* _TASK MATERIAL_

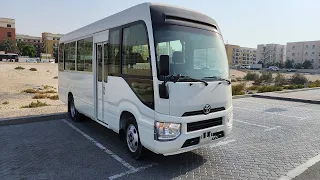 New 2023 Toyota Coaster 29 Seater Now Available For Export In Dubai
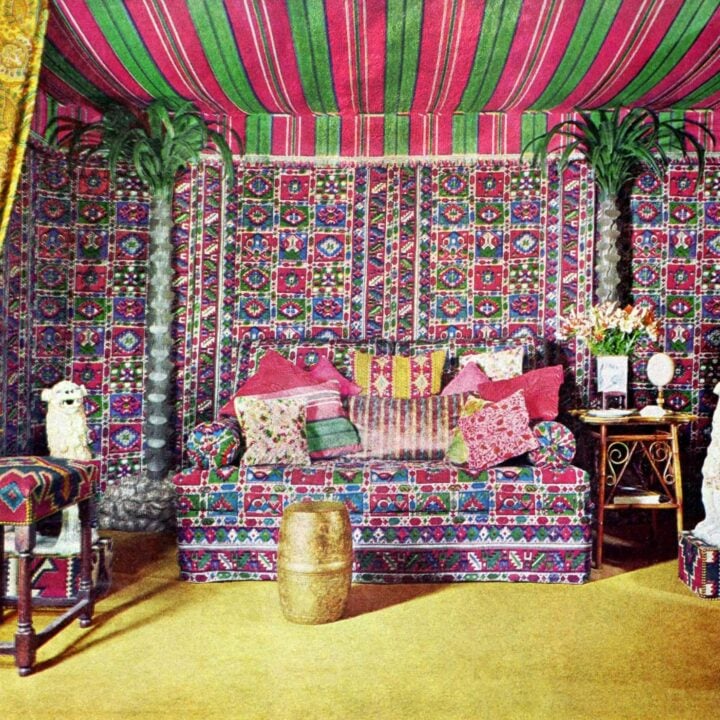 Vintage boho-style tented nook (1967)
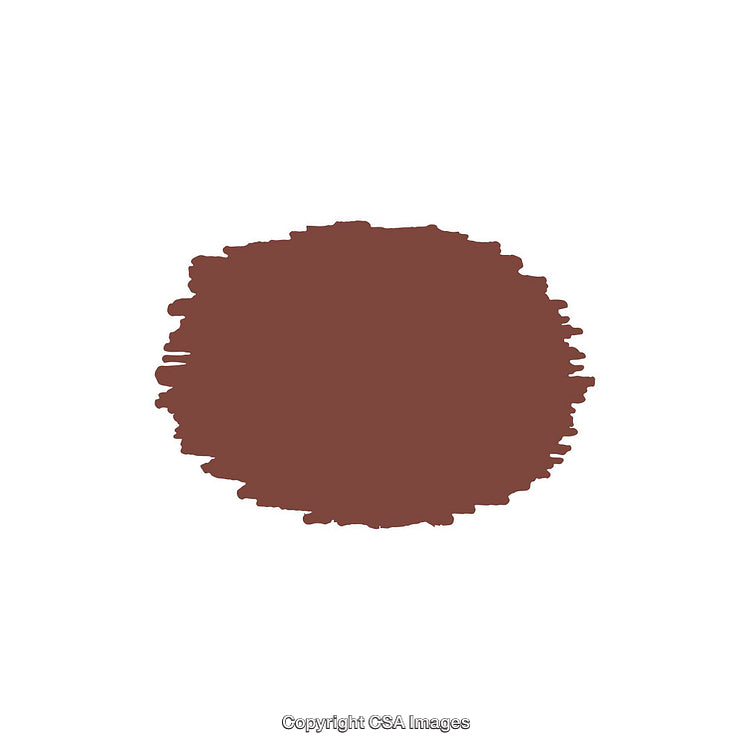 Rustic Brown Scribble Shape on Clean White Background Illustration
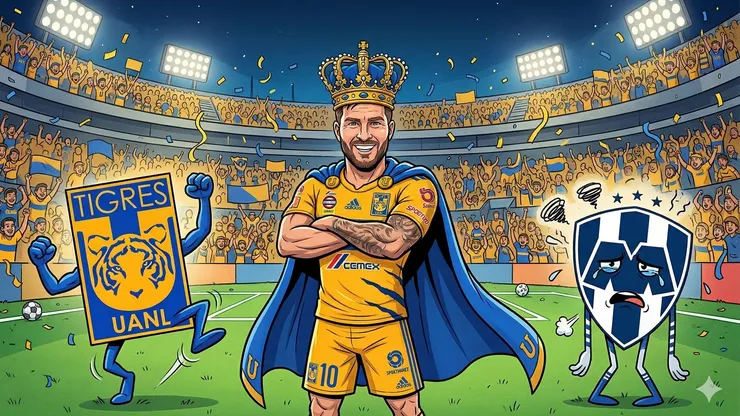 André-Pierre Gignac extendió su dominio en los goleadores del Clásico Regiomontano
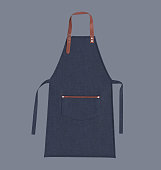 Blank leather apron, apron mockup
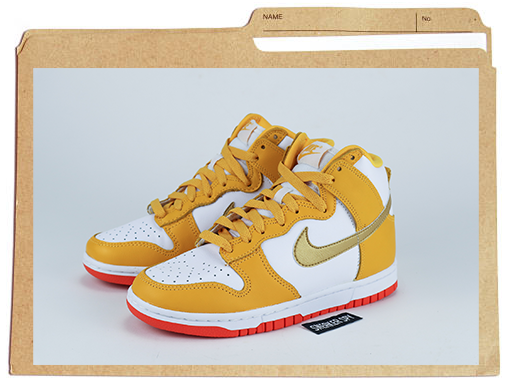 NIKE DUNK HIGH WOMENS "UNIVERSITY GOLD" DQ4691 700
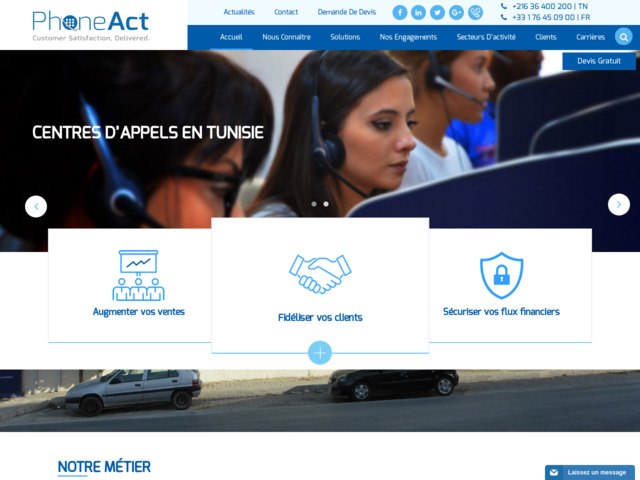 Phoneact : centre d'appel en Tunisie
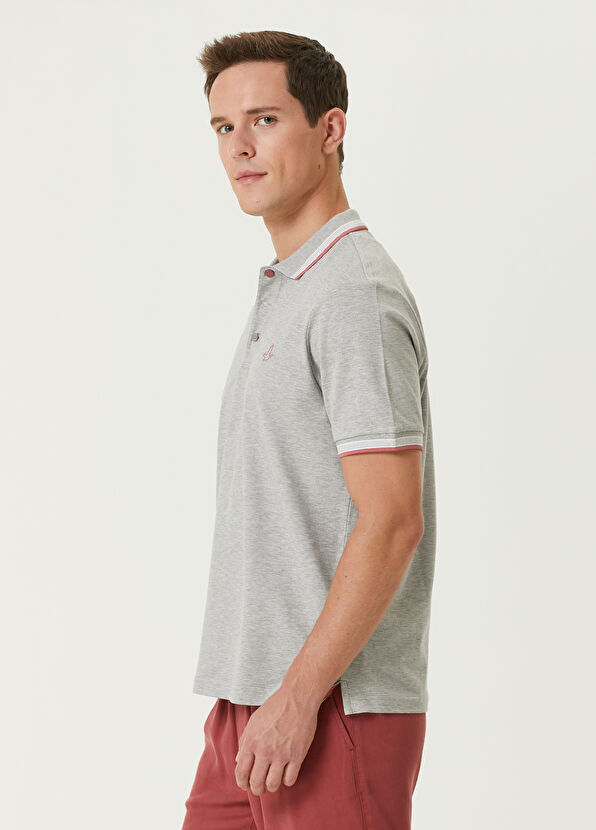 Beymen Club Comfort Fit Grey Melange Polo T-shirt - 4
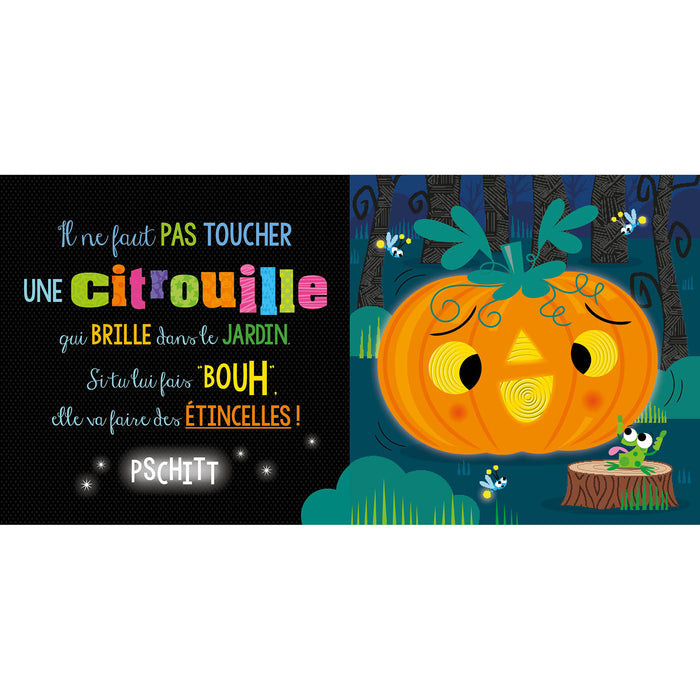 Il ne faut pas toucher un fantôme qui fait bouh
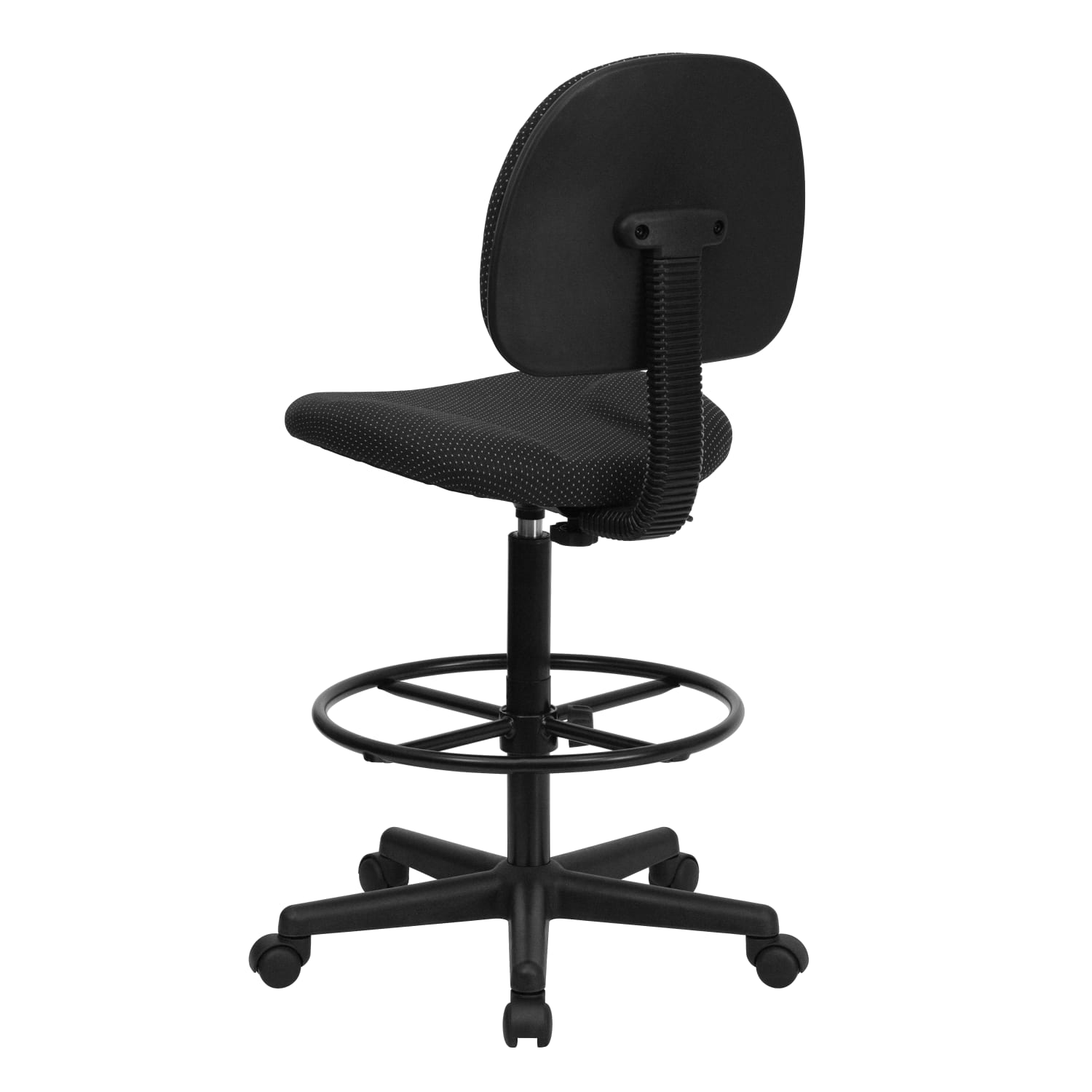 Flash Furniture Fabric Drafting Chair (Cylinders: 22.5ft"-27ft"H or 26ft"-30.5ft"H), Black - Image 7
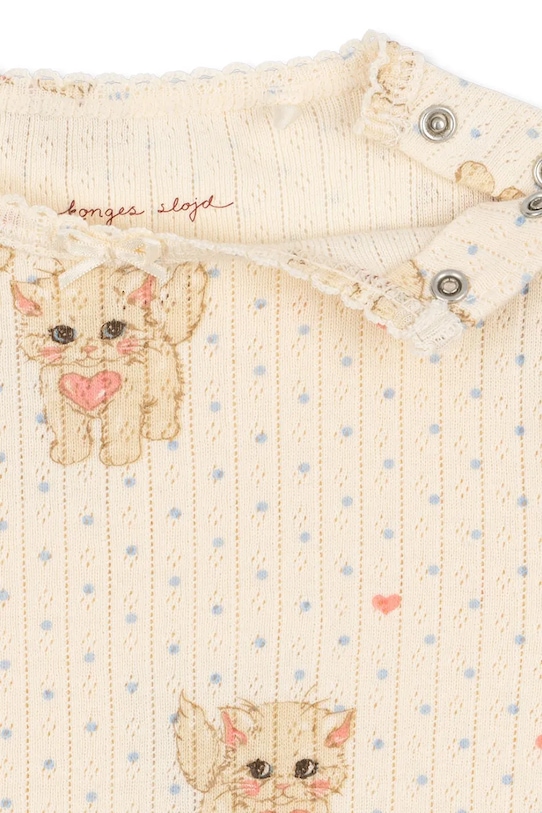 Chłopiec Konges Sløjd body niemowlęce MINNIE BODY GOTS KS105191.9BYA beżowy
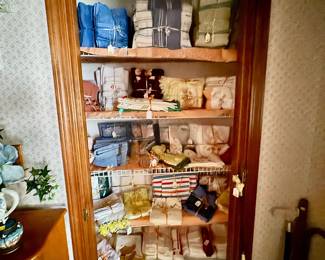 Linens - towels, sheets etc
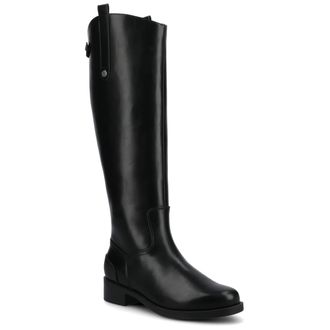 Journee Collection Womens Gema Medium and Wide Width Knee High Riding Boots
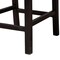 Baxton Studio Laymi Modern Bohemian Dark Brown Mahogany Wood and Seagrass Counter Stool 233-13141-ZORO - alternate 4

* _WHAT TO PRODUCE_
Return the listing above word for word. Keep the images out.

* _COMPLETED EXERCISE_
 New 2023 Toyota Coaster 29 Seater Now Available For Export In Dubai
 Vintage boho-style tented nook (1967)
 Rustic Brown Scribble Shape on Clean White Background Illustration
 André-Pierre Gignac extendió su dominio en los goleadores del Clásico Regiomontano
 Blank leather apron, apron mockup
 NIKE DUNK HIGH WOMENS "UNIVERSITY GOLD" DQ4691 700
 Phoneact : centre d'appel en Tunisie
 Beymen Club Comfort Fit Grey Melange Polo T-shirt - 4
 Il ne faut pas toucher un fantôme qui fait bouh
 Flash Furniture Fabric Drafting Chair (Cylinders: 22.5ft"-27ft"H or 26ft"-30.5ft"H), Black - Image 7
 Chłopiec Konges Sløjd body niemowlęce MINNIE BODY GOTS KS105191.9BYA beżowy
 Linens - towels, sheets etc
 Journee Collection Womens Gema Medium and Wide Width Knee High Riding Boots
 Baxton Studio Laymi Modern Bohemian Dark Brown Mahogany Wood and Seagrass Counter Stool 233-13141-ZORO - alternate 4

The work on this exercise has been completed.